|
Striking miners in Salt of the Earth |
Although it holds one's interest and is a largely successful American attempt to imitate the neo-realism of postwar Italian directors like Roberto Rossellini and Vittorio De Sica,
Salt of the Earth is not, I think, a great movie. The acting is amateurish -- necessarily so, because most of the actors are in fact amateurs -- and the plotting is tendentious, with "bad guys" who are given no depth of characterization. But I think it is, perhaps more now than ever, an essential movie. It tells the story of a miners' strike in New Mexico that's based on an actual 1951 strike by the workers of the Empire Zinc Company. The point of view is mostly that of a Mexican-American married couple, the miner Ramon Quintero (Juan Chacón) and his wife, Esperanza (Rosaura Revueltas).
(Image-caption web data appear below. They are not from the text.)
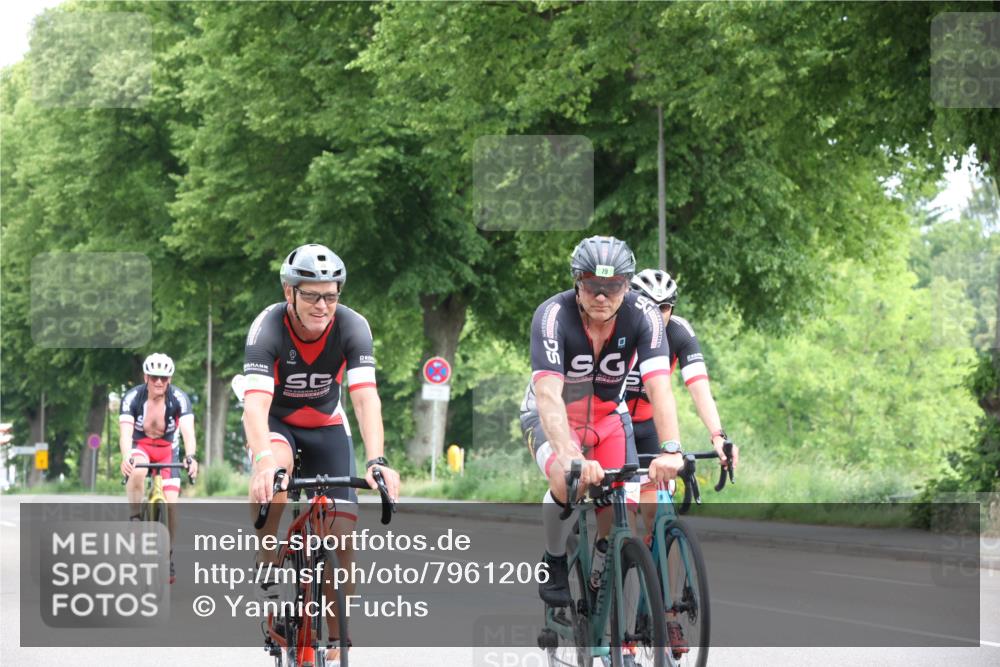 15.06.2025 - 7 Türme Triathlon Yannick Fuchs http://msf.ph/oto/7961206 15.06.2025 10:01:08 Radfahren 22, 24, 25, 77, 78, 80 meine-sportfotos.de
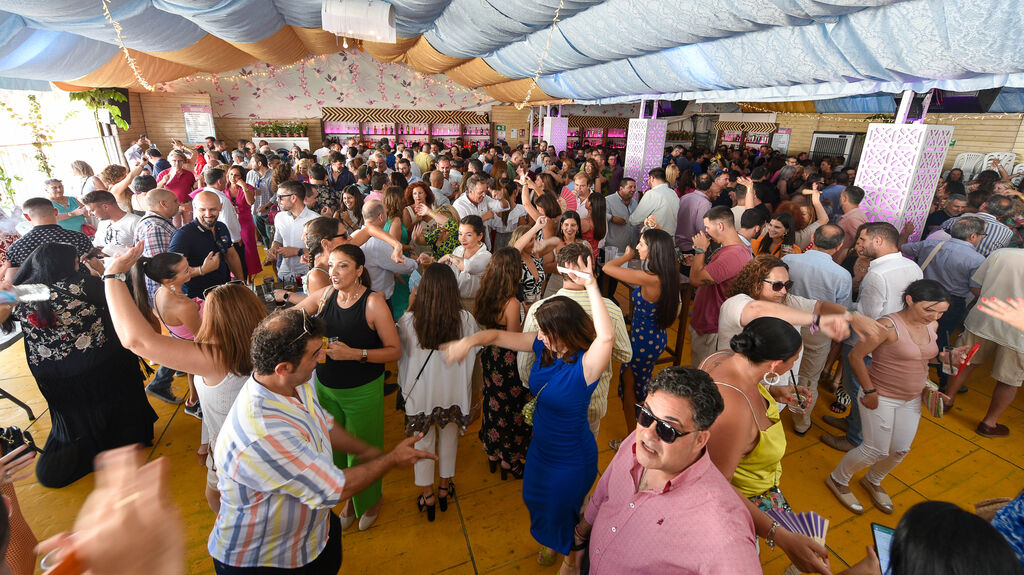 Fotos del ambiente en el jueves de la Feria Real de Algeciras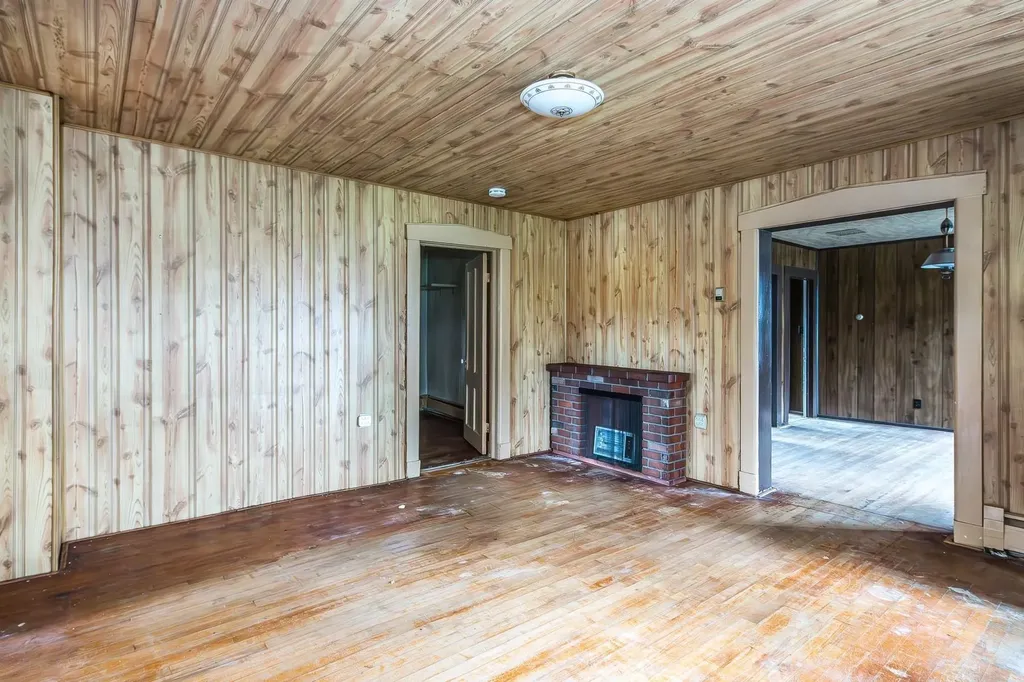 29 Woodstock Avenue Rutland City VT 05701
When the miners go on strike for better working conditions, especially to put Latino workers on a par with the Anglos, the company invokes the Taft-Hartley Act, enjoining the striking workers from picketing. But the miners' wives take up the cause, in part because they want to improve the standards of the company-owned housing they live in. The film develops a tension not only between workers and management but also between Juan, who clings to a traditional machismo, and Esperanza, who is pregnant but insists on joining the other women on the picket line, where they are subjected to harassment and threats of violence, and are briefly thrown in jail. The story has a happy ending, with the miners and their wives triumphing, but the film itself was denounced as communist propaganda, and its director, Herbert J. Biberman, was one of the Hollywood Ten who were cited for contempt of Congress for refusing to testify before the House Un-American Activities Committee. Biberman went to jail for six months. The film's screenwriter, Michael Wilson, was blacklisted, though he continued to work on films
sub rosa: His work on the screenplay for
The Bridge on the River Kwai (David Lean, 1957) won an Oscar, though only Pierre Boulle, who neither spoke nor wrote English, was credited. In 1984, the Academy posthumously restored Wilson's credit on the film and his Oscar, as it later also restored his credits on the Oscar-nominated screenplays for
Lawrence of Arabia (David Lean, 1962) and
Friendly Persuasion (William Wyler, 1956).
Salt of the Earth itself got a kind of belated recognition in 1992 when the Library of Congress chose it for inclusion in the National Film Registry. And the story of the treatment of its filmmakers could serve as an object lesson in an era when resurgent racism and anti-feminism threaten to turn the clock back to the era in which the film was made.